City Creatives Share Space Needs at Workshop

October 31st, 2011 by Amber Lester

Natural light. First-floor sculpture facilities. A state-of-the-art recording studio. A retail space to sell art. Those are just a few of the requests creative professionals made during a workshop at the Williamsburg Community Building on Wednesday night.

Representatives from ArtSpace, a nonprofit arts development group, were on hand to help the city launch an online survey that will be used to help the city understand the space needs of its creative class.

Until Dec. 21, surveys will be available online here. There are two surveys: one for individuals and one for organizations and businesses. The city is promoting the survey to people living within a 50-mile radius, in hopes they could provide insight on what the city could do to attract more artists hoping to build what Mayor Clyde Haulman called “a creative economy” in his opening remarks.

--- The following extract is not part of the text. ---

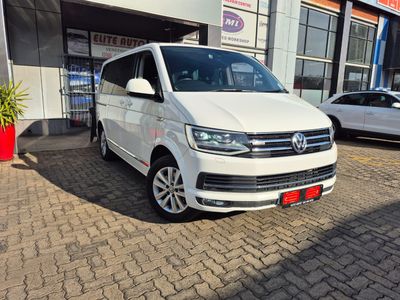 2019 Volkswagen Caravelle T6 2.0 BiTDI Highline Auto 4Motion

About 45 people came to the Community Building on Wednesday to hear a presentation from ArtSpace, which was last in the city in March 2010, when the company completed a feasibility test to see if Williamsburg could support and benefit from an arts district. In February, City Council created an Arts District bounded by Lafayette Street, Monticello Street and Richmond Road. The Arts District provides tax incentives and regulatory relief to qualified creative businesses and artists who do business in the district.

Wendy Holmes, ArtSpace’s vice president for consulting and strategic partnerships, explained how the nonprofit develops and manages spaces for artists, something they might do in Williamsburg after they’ve examined data from the survey. Throughout the United States, the company has rehabbed old buildings and built new ones to provide live/work space for artists. In some cases, when a survey has shown more demand, they’ve opened buildings with only work space and/or gallery space. Holmes said the company was created to provide affordable housing for artists, who traditionally lead the way to revitalize depressed areas, but are quickly priced out of the housing market.

In Everett, Wash., ArtSpace manages a 40-unit building with apartments that have 200 additional square feet for work space. In Brainerd, Minn., ArtSpace rehabbed Franklin Junior High School, turning it into 25 live/work spaces, plus 37,775 square feet for artist studios, arts organizations and arts-friendly businesses. If they build in Williamsburg, they won’t be confined to the Arts District, but would likely choose to locate a project there, Holmes said.

Their live/work projects have been financed by taking advantage of federal programs, such as low-income tax credits, Main Street development funds, historic tax credits and more. Remaining funds come from private contributions or the first mortgage, Holmes said.

ArtSpace manages the facilities and chooses the residents through a competitive application process. The selected artists will have demonstrated a passion and commitment to their work; met the Housing and Urban Development income guidelines; and shown a willingness to give back to the community.

During a question-and-answer session, artists said the Greater Williamsburg area desperately needs space to work, space to show and space to sell art. Shirley Vermillion said artists on the Peninsula were tired of having to drive to Richmond or Norfolk to show their work; another audience member said there is a need to promote contemporary art in Williamsburg. A writer said she’d like to have a micro-office space where she can write in peace. All of those needs could possibly be addressed if there is enough consensus in the survey results, Holmes said.

One Response to City Creatives Share Space Needs at Workshop

  1. Perks

    November 1, 2011 at 4:32 pm

    The Town/Community of Williamsburg is beginning to create additional attractions for it’s residents and tourist. In today’s environment will must/are stimulus to elevate businesses to their peak. There is nothing better then to keep the registers bell ringing in or retail stores, hotels/motels, restaurants and the City’s cash pot full. We are learning to keep up with progress.